In [2]:
# Useful starting lines
%matplotlib inline
import numpy as np
import matplotlib.pyplot as plt

%load_ext autoreload
%autoreload 2

The autoreload extension is already loaded. To reload it, use:
  %reload_ext autoreload


# Load the data

In [3]:
import datetime
from helpers import *

height, weight, gender = load_data(sub_sample=False, add_outlier=False)
x, mean_x, std_x = standardize(height)
y, tx = build_model_data(x, weight)

In [4]:
y.shape, tx.shape

((10000,), (10000, 2))

### NB: throughout this laboratory the data has the following format: 
  * there are **N = 10000** data entries
  * **y** represents the column vector containing weight information -- that which we wish to predict/the output (see also the first page of $\texttt{exercise02.pdf}$). Its **shape** is **(N,)**.
  * **tx** represents the matrix $\tilde{X}$ formed by laterally concatenating a column vector of 1s to the column vector of height information -- the input data (see also the first page of $\texttt{exercise02.pdf}$). Its **shape** is **(N,2)**.

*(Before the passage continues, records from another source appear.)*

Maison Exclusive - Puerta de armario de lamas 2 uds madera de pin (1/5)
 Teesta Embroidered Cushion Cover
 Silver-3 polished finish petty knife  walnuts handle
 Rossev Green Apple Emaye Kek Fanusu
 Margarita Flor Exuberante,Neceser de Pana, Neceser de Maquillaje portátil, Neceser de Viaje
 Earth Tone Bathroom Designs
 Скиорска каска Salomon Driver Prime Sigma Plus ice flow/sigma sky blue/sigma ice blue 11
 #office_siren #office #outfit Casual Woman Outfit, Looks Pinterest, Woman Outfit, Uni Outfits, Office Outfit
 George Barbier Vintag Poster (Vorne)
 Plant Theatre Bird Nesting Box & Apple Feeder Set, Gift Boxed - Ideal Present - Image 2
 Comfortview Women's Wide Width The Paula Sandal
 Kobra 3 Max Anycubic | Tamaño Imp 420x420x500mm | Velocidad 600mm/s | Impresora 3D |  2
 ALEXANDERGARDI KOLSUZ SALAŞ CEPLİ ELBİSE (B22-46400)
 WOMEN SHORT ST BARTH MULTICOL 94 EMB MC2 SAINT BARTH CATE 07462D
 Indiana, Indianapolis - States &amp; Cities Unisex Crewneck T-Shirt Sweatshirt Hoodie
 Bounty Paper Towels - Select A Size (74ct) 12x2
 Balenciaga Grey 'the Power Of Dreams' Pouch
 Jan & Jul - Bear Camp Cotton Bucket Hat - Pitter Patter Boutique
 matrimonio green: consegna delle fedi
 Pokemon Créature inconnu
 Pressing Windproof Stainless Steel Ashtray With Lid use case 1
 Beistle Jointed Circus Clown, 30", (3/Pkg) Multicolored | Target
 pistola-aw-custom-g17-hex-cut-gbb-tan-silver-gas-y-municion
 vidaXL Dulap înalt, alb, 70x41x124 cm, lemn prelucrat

# 1. Computing the Cost Function
Fill in the `compute_loss` function below:

In [5]:
def compute_loss(y, tx, w):
    """Calculate the loss using either MSE or MAE.

    Args:
        y: numpy array of shape=(N, )
        tx: numpy array of shape=(N,2)
        w: numpy array of shape=(2,). The vector of model parameters.

    Returns:
        the value of the loss (a scalar), corresponding to the input parameters w.
    """
    e = y - tx.dot(w)
    N = y.shape[0]
    
    # MSE
    #return 1/(2*N) * e.dot(e)

    # MAE
    return 1/(2*N) * np.sum(np.abs(e))
    

# 2. Grid Search

Fill in the function `grid_search()` below:

In [6]:
# from costs import *


def grid_search(y, tx, grid_w0, grid_w1):
    """Algorithm for grid search.

    Args:
        y: numpy array of shape=(N, )
        tx: numpy array of shape=(N,2)
        grid_w0: numpy array of shape=(num_grid_pts_w0, ). A 1D array containing num_grid_pts_w0 values of parameter w0 to be tested in the grid search.
        grid_w1: numpy array of shape=(num_grid_pts_w1, ). A 1D array containing num_grid_pts_w1 values of parameter w1 to be tested in the grid search.

    Returns:
        losses: numpy array of shape=(num_grid_pts_w0, num_grid_pts_w1). A 2D array containing the loss value for each combination of w0 and w1
    """

    losses = np.zeros(((len(grid_w0)), len(grid_w1)))
    
    
    for i in range(len(grid_w0)):
        for j in range(len(grid_w1)):
            losses[i,j] = compute_loss(y, tx, np.array((grid_w0[i], grid_w1[j])))
        
    return losses

Let us play with the grid search demo now!

In [7]:
from grid_search import generate_w, get_best_parameters
from plots import grid_visualization

# Generate the grid of parameters to be swept
grid_w0, grid_w1 = generate_w(num_intervals=50)

# Start the grid search
start_time = datetime.datetime.now()
grid_losses = grid_search(y, tx, grid_w0, grid_w1)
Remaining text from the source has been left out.